If you see this error, verify that every release is deployed in the namespace shown above.
Prerequisites
Required Tools and Software
The following tools must be installed on your deployment machine:
- kubectl
- helm >= 3.12
- helmfile >= 1.1.0 (recommended:
1.1.x) - helm-diff plugin >=3.11
Avoid Helmfile 1.2.x. Helmfile 1.2.0 removed sequential execution mode, which the NVCF stack requires for ordered deployments. Use version 1.1.x for compatibility with the commands in this guide.
Helmfile 1.3.0+ re-introduced sequential execution via the --sequential-helmfiles flag, but the command syntax differs from the 1.1.x examples shown here. If you choose to use 1.3.0+, add --sequential-helmfiles to every helmfile apply and helmfile sync command.
- A kubernetes cluster (CSP agnostic or on-prem).
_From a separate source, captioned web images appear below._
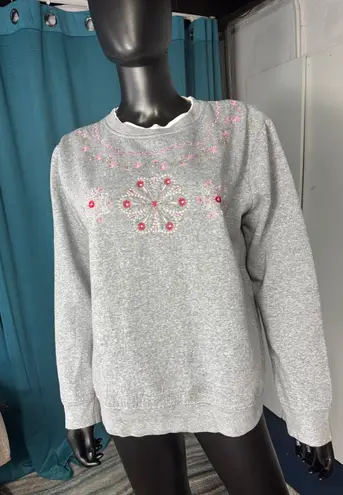 Speculation Womens Sweatshirt M Gray Pink Floral Embroidered Crewneck Pullover Size M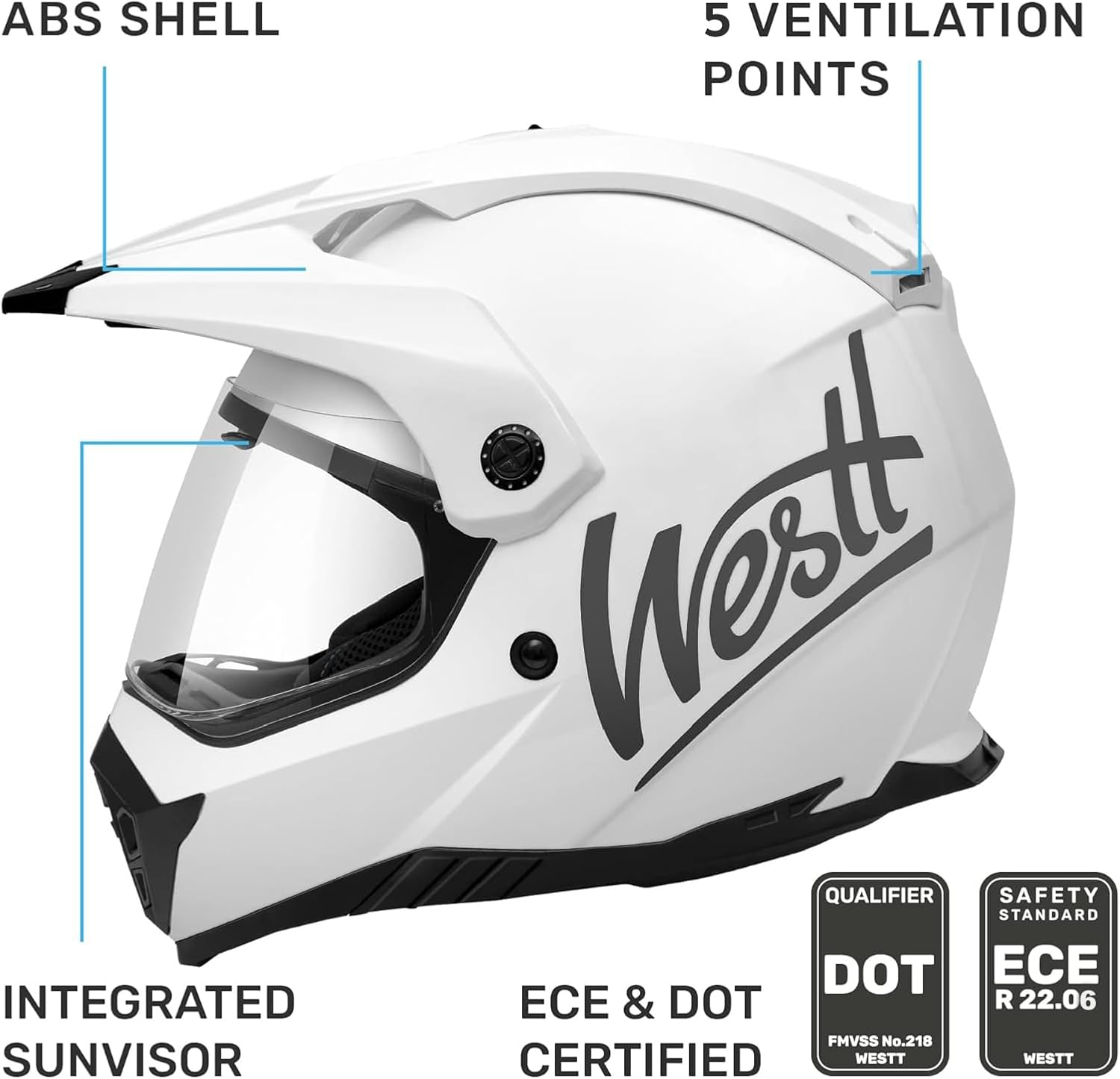 Thumbnail 1 de Westt Casco Moto Certificado ECE 22.06 Casco Enduro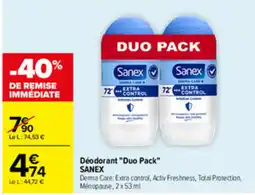Carrefour SANEX Déodorant "Duo Pack" offre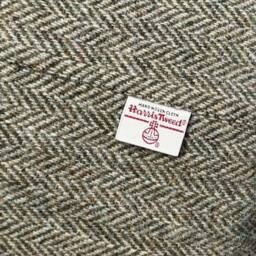 Harris Tweed Lovat Herringbone Footstool With Steel Hairpin Legs - thumbnail 2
- Kubernetes Gateway CRDs installed (optional, required for Gateway API Ingress)
- Artifacts must be available in a registry that your Kubernetes cluster can access. This can be the
nvcf-onpremregistry for NVCF control plane service artifacts, but function containers and helm charts must be configured to a user-managed registry. See self-hosted-artifact-manifest and self-hosted-image-mirroring. - The
nvcf-self-managed-stackrepository must be downloaded to your local machine (see download-nvcf-self-managed-stack).
See terraform-installation for instructions on how to deploy a Kubernetes cluster on EKS or other CSPs if you don’t have one already.
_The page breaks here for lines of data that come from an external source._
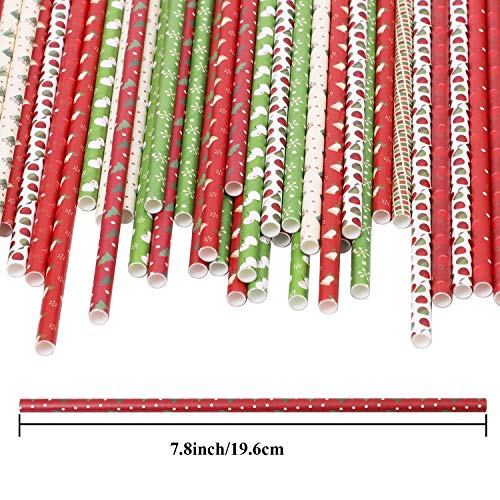 Cooraby 200 pajitas de papel biodegradables para suministros de boda y regalos de fiesta de Navidad Color B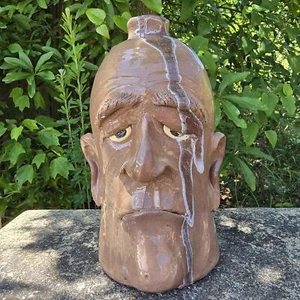 Dal Burtchaell Brown Glazed Folk Art Pottery Face Jug | 9.75" x 6" - Picture 1 of 6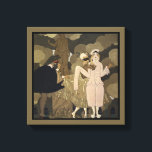 Vintage Art Deco, överraskning av George Barbier Canvastryck<br><div class="desc">Snygg teaterkonst med en vintage illustration Art Deco-designtitel Surprise av George Barbier. En maskerad party med sagda tecken klädda i elegantens stumma och masker. Harlequinade är en brittisk teatralisk genre,  pantomime med tecknen Harlequin,  som kärlek Columbine,  Columbins giriga far Pantalon,  en eländig Clown,  och tjänstanten Pierrot.</div>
Install Kubernetes Gateway CRDs
Install the Kubernetes Gateway API CRDs v1.2.0. Note if replacing the version (v1.2.0) with a different version, you may need to ensure compatability with the GatewayClass and Gateway resources created in Step 1.
Install helm-diff plugin
kubectl version must match your cluster (within one minor version). Using a kubectl version that is more than one minor version ahead of your Kubernetes cluster will cause kubectl apply and kubectl patch commands to fail — not just warn — due to stricter server-side field validation in newer clients.
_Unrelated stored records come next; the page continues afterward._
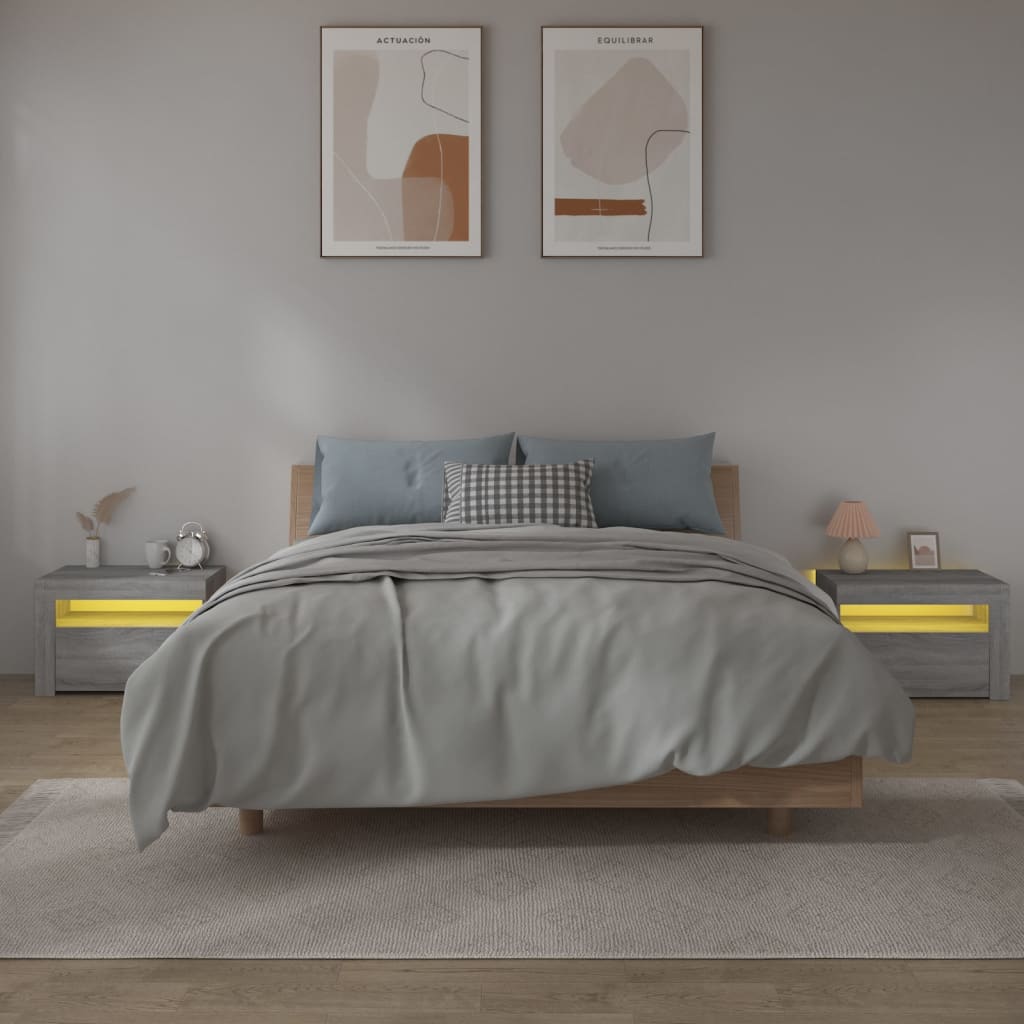 Tables de chevet 2 pcs avec LED sonoma gris 60x35x40 cm - XIOS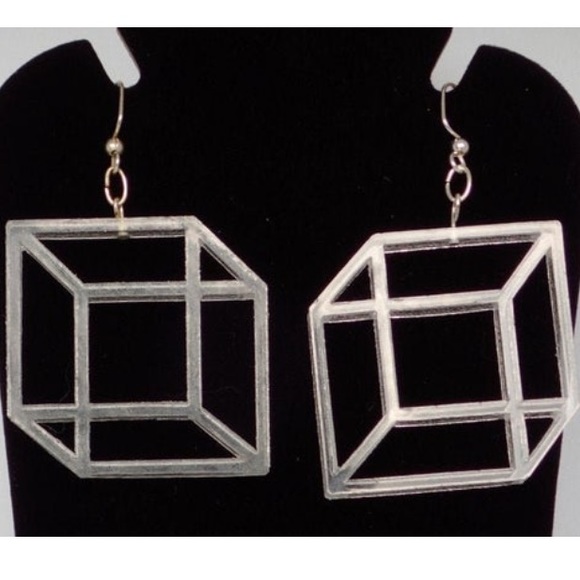 Transparent Prism Earrings - Isometric Lucite - Picture 6 of 7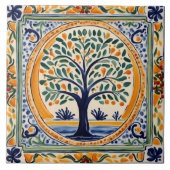 Mediterrane Boom Rustiek Blauw & Geel Folk Art Tegeltje (Voorkant)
This is especially common on macOS with Homebrew, where brew install kubectl or brew upgrade can silently install a version much newer than your cluster. Verify before proceeding:
If your client is too new, install a matching version directly from the Kubernetes release page.
Access Requirements
-
kubectl configured to the kubernetes cluster you are deploying to
-
Personal NGC API Key from ngc.nvidia.com authenticated with
nvcf-onpremorganization only if you pull artifacts directly from NGC or use NGC as your registry -
Registry credentials for your container registry (ECR, NGC, etc.) - see third-party-registries-self-hosted for setup instructions
-
Local Helm/Docker authentication to your container registry where NVCF charts are stored. Helmfile pulls OCI charts during deployment, so your local environment must be authenticated. Examples:
- AWS ECR:
aws ecr get-login-password --region <region> | helm registry login --username AWS --password-stdin <account-id>.dkr.ecr.<region>.amazonaws.com - NGC:
docker login nvcr.io -u '$oauthtoken' -p <NGC_API_KEY> - Other registries: Use
docker loginorhelm registry loginas appropriate for your registry
- AWS ECR:
If you are using NGC as your registry, you will use your NGC API key when generating the base64 registry credential in Step 3. Exporting NGC_API_KEY is optional and only needed if you prefer to reuse it in commands.
Installation Steps
The installation flow is as follows.
- Prepare ingress configuration
- Configure your environment file (
environments/<environment-name>.yaml) - Configure your secrets file (
secrets/<environment-name>-secrets.yaml) - Configure image pull secrets (skip if using a CSP registry with built-in credential helpers)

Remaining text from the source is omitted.